V. M. : Dans le roman, vous décrivez un milieu modeste. Comment le milieu définit-il vos personnages ?
E. R. : Oui, Samuel grandit dans un milieu modeste. Son père est ouvrier, sa mère travaille dans un collège. Son milieu, c’est celui de la cité EDF, des « gosses de la centrale », comme on les appelait alors. Malville est aussi un roman d’apprentissage dans lequel le jeune Samuel va se confronter à d’autres milieux : avec la rencontre de Tom, c’est la découverte du milieu très différent des paysans, ceux qui vivent en contact direct avec le fleuve. Puis, avec la rencontre d’Astrid, c’est la découverte du milieu inaccessible des bourgeois du centre-ville. Astrid, c’est la fille du toubib hollandais, elle est grande, blonde, aux yeux bleus, elle impressionne Samuel, le petit juif chétif de la cambrousse, que ses amis surnomment Franz Kafka ; il comprend que le fossé qui les sépare est infranchissable.

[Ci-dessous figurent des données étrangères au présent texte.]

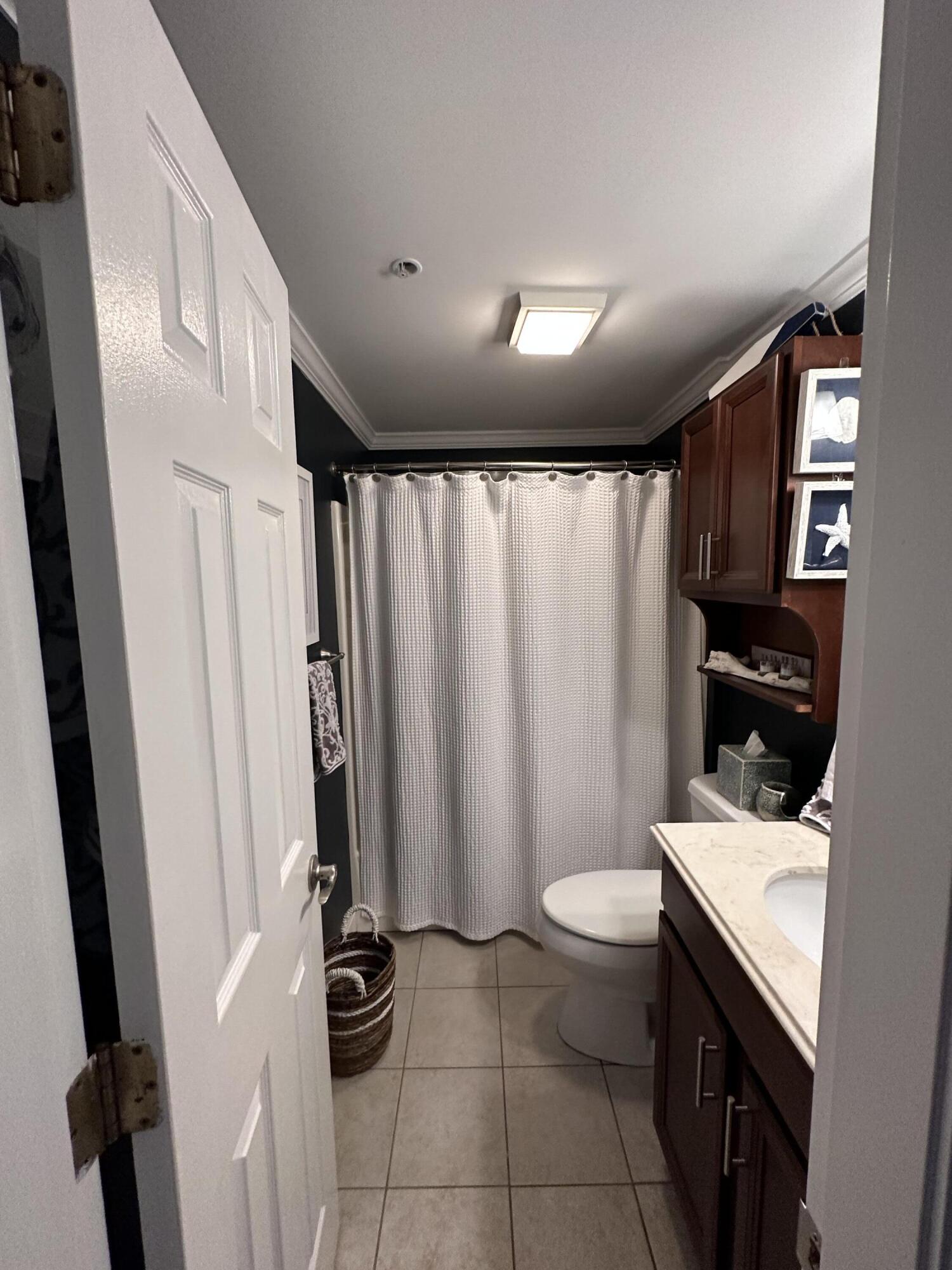 298 Main Street, Unit 205 Ogunquit, ME 03907 - Photo 11 of 16 Bathroom 298 Main Street #205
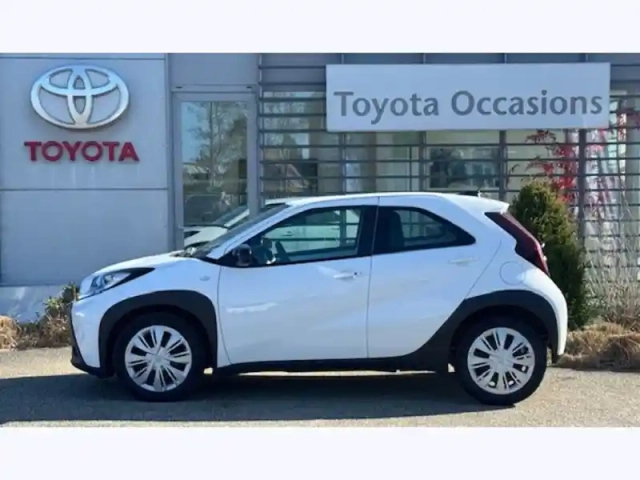 Toyota Aygo 1.0 vvt-i 72 dynamic cvt — photo 2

V. M. : Dans cette dystopie vous avez décrit une société qui est en train de s’effondrer. On peut y lire une ode à la paix tout autant qu’un plaidoyer contre la menace nucléaire. Craignez-vous une telle guerre ? Comment les écrivains peuvent-ils mobiliser les peuples et les élites politiques afin d’éviter une telle tragédie ?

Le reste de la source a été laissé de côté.